Extract the whole listing as it stands. Do not include the pictures.

Data extract:
++++++++

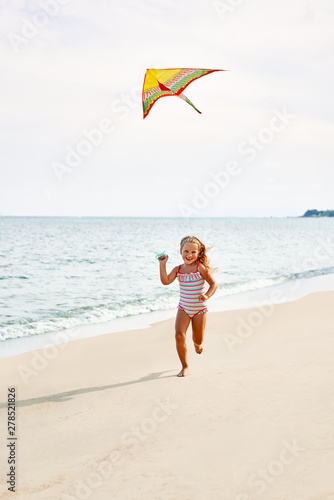 Happy child girl with a kite running on tropical beach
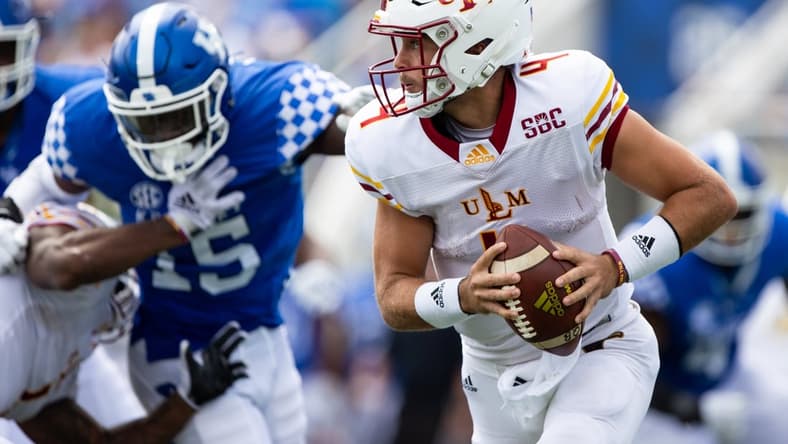 Sep 4, 2021; Lexington, Kentucky, USA; Louisiana Monroe Warhawks quarterback Rhett Rodriguez (4) carries the ball during the second quarter against the Kentucky Wildcats at Kroger Field. Mandatory Credit: Jordan Prather-USA TODAY Sports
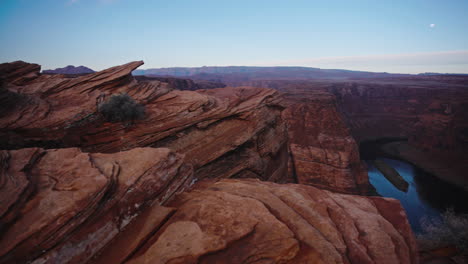 Gimbal-shot-of-river-valley-with-canyon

++++++++

Answer below:
 Happy child girl with a kite running on tropical beach
 Sep 4, 2021; Lexington, Kentucky, USA; Louisiana Monroe Warhawks quarterback Rhett Rodriguez (4) carries the ball during the second quarter against the Kentucky Wildcats at Kroger Field. Mandatory Credit: Jordan Prather-USA TODAY Sports
 Gimbal-shot-of-river-valley-with-canyon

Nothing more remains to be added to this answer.